A VR showroom has several advantages for businesses:

  • Cheaper rental and service than a physical store;
  • Products can be shown in the best possible way, which helps to gain the respect of potential customers and promote sales conversion;
  • A VR showroom allows you to create unique virtual spaces, which can be used to promote a brand and enhance the company’s image.

Also, a showroom in virtual reality is an important tool for business, as it allows you to save money, improve the display of goods, and promote sales conversion.

VR allows customers to interact with products in a more immersive way. They can “try on” the product or interact with it in a virtual environment, which helps them make better purchasing decisions.

In this way, it is easier for the seller to remove the possible restrictions of buyers until the purchase is complete, and it is also easier for them to become interested in it.

Retailers are using both VR, where customers typically wear a headset to enter a completely digital world, and AR, which overlays digital projections onto the real world and can be accessed on a smartphone. Such technology is being used to sell products that shoppers have traditionally been reluctant to buy online. Furniture is one example where consumers want to see the size of items to check how they fit into their homes, writes Bernard Marr in Forbes.
Now IKEA’s The Place App allows customers to do just that by projecting a digital version of the chair or table into the room where it is going to end up.

 

Here are some successful cases of VR/AR use:

  • L’Oréal increased online sales by 62% after launching an augmented reality campaign;
  • IKEA VR apps were viewed on the App Store 13 million times in the first six months after publication;
  • 51% of Marriott hotel clients decided to upgrade to their favorite hotels after learning about them through VR tours.

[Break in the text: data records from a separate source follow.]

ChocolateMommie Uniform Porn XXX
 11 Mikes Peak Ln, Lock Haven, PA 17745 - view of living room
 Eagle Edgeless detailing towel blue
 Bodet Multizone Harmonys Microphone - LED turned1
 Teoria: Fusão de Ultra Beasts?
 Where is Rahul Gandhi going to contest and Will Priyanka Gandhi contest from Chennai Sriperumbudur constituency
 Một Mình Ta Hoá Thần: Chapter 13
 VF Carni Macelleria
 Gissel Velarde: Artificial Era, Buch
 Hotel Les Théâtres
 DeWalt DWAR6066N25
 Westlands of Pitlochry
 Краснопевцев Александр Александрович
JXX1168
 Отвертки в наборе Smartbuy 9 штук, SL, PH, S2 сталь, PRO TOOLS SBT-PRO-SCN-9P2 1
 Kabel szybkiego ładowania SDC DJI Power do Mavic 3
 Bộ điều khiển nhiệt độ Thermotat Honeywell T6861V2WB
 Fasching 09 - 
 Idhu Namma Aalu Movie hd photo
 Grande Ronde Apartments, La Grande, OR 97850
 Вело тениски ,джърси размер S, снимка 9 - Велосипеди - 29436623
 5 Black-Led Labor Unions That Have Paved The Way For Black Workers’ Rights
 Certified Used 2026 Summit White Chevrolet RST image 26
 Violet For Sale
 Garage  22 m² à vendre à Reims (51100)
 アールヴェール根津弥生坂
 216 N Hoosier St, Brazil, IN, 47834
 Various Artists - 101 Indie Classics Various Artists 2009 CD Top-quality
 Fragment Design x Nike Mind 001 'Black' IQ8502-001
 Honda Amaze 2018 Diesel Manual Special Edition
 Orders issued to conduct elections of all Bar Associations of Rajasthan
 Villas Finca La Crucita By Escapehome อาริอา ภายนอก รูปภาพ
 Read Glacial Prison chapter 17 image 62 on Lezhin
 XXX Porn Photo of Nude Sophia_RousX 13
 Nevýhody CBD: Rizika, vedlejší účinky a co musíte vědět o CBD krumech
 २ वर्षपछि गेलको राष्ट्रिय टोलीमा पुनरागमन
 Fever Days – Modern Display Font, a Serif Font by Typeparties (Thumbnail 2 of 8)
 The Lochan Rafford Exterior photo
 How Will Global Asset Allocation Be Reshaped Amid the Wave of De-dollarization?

Shopping is about to get personal. Virtual assistants powered by AI are already guiding customers through their online shopping experiences, making personalized recommendations that lead to more sales and more loyalty. Brands that incorporate personalization like this into their digital commerce strategy have reported a 71% increase in customer loyalty.

But this is just the beginning. In the future, these assistants will be more than just chatbots. They’ll act as personal shopping guides, learning the preferences of each customer and scrolling through thousands of variants to suggest the perfect products for their needs.

By 2030, this software will have been integrated into everyday apps, and it has the potential to give customers intelligent shopping suggestions as they get dressed—and bring it all to life with VR.